STANDARD: You are hopeful for a long-term development on Iran, what about North Korea?

ELBARADEI: North Korea went from bad to worse. It has been mismanaged, by stopping the dialog. It was working in the Clinton area through the agreed framework, then the Bush administration stopped the dialogue completely, accused them of violating the agreed framework. North Korea had only one trump card - nuclear capability - and it turned from producing plutonium to developing nuclear weapons. So we are now dealing with a much worse situation than we had. We have been dealing with North Korea for many years and I always said that North Korea is a model of how we should not deal with issues of non-proliferation.

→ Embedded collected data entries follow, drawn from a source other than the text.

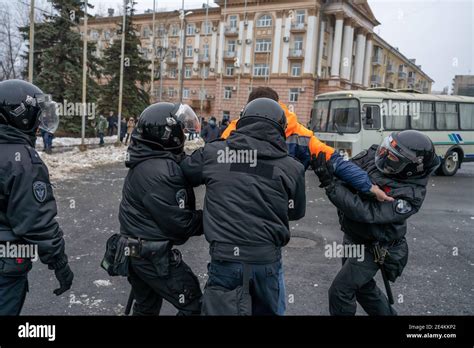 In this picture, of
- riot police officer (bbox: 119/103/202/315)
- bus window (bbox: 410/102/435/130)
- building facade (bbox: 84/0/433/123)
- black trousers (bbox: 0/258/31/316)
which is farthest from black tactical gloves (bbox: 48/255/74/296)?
building facade (bbox: 84/0/433/123)

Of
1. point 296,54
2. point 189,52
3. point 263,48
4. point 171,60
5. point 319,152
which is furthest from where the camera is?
point 171,60

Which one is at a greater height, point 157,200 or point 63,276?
point 157,200

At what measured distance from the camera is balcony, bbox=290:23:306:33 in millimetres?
46416

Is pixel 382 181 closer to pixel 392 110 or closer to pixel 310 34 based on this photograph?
pixel 392 110

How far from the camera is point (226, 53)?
170ft

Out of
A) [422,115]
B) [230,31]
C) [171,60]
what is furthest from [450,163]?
[171,60]

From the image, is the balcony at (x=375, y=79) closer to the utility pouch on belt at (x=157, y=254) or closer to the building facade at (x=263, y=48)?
the building facade at (x=263, y=48)

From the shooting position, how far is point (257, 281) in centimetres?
246

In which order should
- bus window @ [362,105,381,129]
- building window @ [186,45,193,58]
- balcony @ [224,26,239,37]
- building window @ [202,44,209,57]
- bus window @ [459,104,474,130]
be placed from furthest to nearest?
building window @ [186,45,193,58]
building window @ [202,44,209,57]
balcony @ [224,26,239,37]
bus window @ [459,104,474,130]
bus window @ [362,105,381,129]

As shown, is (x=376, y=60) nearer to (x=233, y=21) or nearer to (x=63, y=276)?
(x=233, y=21)

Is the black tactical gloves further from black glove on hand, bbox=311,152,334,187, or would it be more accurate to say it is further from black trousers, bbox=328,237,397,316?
black trousers, bbox=328,237,397,316

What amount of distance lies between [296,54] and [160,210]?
4757 cm

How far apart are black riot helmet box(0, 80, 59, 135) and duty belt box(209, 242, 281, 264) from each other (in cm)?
165

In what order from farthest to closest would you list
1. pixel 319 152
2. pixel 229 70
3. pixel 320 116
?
pixel 229 70
pixel 320 116
pixel 319 152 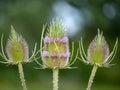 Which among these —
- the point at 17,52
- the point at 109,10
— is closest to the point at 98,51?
the point at 17,52

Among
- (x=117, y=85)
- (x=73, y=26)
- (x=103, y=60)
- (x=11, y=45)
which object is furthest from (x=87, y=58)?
(x=73, y=26)

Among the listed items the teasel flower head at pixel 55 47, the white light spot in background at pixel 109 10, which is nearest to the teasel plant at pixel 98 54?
the teasel flower head at pixel 55 47

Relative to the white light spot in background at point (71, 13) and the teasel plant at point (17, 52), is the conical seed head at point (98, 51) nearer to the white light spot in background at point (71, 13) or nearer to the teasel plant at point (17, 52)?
the teasel plant at point (17, 52)

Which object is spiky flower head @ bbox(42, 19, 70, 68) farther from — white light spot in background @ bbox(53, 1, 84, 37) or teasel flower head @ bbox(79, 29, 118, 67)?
white light spot in background @ bbox(53, 1, 84, 37)

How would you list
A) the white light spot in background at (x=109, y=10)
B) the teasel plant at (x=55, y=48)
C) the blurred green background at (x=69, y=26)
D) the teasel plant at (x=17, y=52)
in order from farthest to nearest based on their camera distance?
the white light spot in background at (x=109, y=10)
the blurred green background at (x=69, y=26)
the teasel plant at (x=17, y=52)
the teasel plant at (x=55, y=48)

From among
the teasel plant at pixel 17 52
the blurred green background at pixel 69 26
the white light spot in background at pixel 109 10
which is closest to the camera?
the teasel plant at pixel 17 52

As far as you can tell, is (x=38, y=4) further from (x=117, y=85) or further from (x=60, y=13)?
(x=117, y=85)

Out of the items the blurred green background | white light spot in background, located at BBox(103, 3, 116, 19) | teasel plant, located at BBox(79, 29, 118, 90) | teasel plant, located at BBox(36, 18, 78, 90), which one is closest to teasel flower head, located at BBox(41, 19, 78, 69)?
teasel plant, located at BBox(36, 18, 78, 90) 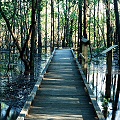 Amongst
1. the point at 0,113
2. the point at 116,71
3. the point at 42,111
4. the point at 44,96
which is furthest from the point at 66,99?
the point at 116,71

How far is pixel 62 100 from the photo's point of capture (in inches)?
292

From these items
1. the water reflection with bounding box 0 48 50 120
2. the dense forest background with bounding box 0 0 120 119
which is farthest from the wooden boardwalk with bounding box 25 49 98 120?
the dense forest background with bounding box 0 0 120 119

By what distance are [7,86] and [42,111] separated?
5045 mm

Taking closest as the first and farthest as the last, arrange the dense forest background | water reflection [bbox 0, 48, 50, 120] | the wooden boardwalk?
1. the wooden boardwalk
2. water reflection [bbox 0, 48, 50, 120]
3. the dense forest background

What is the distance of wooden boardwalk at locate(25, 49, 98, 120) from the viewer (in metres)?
6.25

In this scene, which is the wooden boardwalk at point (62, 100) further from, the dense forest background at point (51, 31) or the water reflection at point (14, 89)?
the dense forest background at point (51, 31)

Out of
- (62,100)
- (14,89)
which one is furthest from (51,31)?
(62,100)

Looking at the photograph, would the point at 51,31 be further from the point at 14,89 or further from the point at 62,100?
the point at 62,100

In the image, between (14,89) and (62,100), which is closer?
(62,100)

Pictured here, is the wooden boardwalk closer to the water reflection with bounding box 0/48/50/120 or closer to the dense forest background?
the water reflection with bounding box 0/48/50/120

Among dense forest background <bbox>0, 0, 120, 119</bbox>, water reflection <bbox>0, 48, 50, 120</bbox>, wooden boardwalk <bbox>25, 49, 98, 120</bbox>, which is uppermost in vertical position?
dense forest background <bbox>0, 0, 120, 119</bbox>

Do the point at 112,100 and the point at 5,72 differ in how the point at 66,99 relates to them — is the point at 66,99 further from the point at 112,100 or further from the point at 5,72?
the point at 5,72

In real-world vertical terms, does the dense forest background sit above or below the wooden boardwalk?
above

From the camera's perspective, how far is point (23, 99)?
30.9 ft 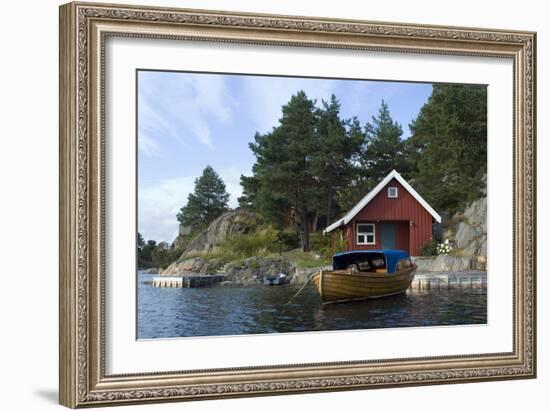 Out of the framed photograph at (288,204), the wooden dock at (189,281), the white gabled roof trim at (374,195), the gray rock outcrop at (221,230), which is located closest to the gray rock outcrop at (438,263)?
the framed photograph at (288,204)

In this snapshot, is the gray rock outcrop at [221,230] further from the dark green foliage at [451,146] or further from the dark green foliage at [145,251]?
the dark green foliage at [451,146]

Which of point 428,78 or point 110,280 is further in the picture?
point 428,78

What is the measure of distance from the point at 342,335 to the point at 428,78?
2.44 meters

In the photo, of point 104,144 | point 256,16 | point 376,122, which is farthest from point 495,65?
point 104,144

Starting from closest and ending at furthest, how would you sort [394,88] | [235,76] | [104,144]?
[104,144]
[235,76]
[394,88]

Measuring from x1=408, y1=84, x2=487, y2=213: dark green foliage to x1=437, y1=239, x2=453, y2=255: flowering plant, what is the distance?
318 mm

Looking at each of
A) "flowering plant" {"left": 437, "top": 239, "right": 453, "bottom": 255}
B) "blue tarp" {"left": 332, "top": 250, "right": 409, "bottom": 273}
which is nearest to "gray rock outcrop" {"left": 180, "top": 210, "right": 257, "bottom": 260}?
"blue tarp" {"left": 332, "top": 250, "right": 409, "bottom": 273}

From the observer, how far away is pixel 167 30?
26.5 feet

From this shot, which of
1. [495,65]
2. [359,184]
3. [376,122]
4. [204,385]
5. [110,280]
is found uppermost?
[495,65]

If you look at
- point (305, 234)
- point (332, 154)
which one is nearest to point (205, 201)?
point (305, 234)

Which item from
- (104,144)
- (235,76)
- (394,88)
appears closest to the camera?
(104,144)

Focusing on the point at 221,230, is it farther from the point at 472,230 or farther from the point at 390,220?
the point at 472,230

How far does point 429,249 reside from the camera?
29.8 feet

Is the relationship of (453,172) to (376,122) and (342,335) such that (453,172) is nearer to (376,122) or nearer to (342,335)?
(376,122) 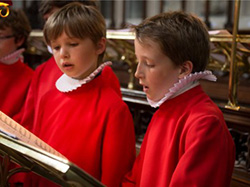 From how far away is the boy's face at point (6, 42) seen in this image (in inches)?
92.3

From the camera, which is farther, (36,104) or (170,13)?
(36,104)

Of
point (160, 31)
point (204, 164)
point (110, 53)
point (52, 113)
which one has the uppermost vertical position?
point (160, 31)

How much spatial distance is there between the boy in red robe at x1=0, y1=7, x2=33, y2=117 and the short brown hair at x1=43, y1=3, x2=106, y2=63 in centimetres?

But North Korea in many ways is not different from Iran. It needs a dialogue, security needs to be assured, it needs economic and humanitarian assistance. The situation is terrible, I was there a year ago. And of course they have to come back to the Non-Proliferation Treaty. As I say, in all these situations: dialogue, mutual respect, understanding what is possible, building trust. These are all common elements in any political conflict, in addition of course to the specific issue. And these common sense approaches have been absent at least the last decade.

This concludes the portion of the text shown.